Short text fragments from websites:
┌──

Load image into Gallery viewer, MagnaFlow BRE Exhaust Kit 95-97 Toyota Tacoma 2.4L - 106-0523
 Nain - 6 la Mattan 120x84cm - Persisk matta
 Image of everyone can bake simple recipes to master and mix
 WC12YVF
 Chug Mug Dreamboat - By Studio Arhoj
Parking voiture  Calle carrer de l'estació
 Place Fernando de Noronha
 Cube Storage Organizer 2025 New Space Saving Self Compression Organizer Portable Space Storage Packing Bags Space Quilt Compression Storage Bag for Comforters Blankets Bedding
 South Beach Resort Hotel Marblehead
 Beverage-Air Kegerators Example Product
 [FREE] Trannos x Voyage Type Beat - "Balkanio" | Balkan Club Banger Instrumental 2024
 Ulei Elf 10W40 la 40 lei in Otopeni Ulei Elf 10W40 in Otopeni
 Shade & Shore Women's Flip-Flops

└──

All lines from the one that contains "South Beach Resort Hotel Marblehead" to the last line above must be given again exactly, with both included and nothing added.

• [Exercise answer]
 South Beach Resort Hotel Marblehead
 Beverage-Air Kegerators Example Product
 [FREE] Trannos x Voyage Type Beat - "Balkanio" | Balkan Club Banger Instrumental 2024
 Ulei Elf 10W40 la 40 lei in Otopeni Ulei Elf 10W40 in Otopeni
 Shade & Shore Women's Flip-Flops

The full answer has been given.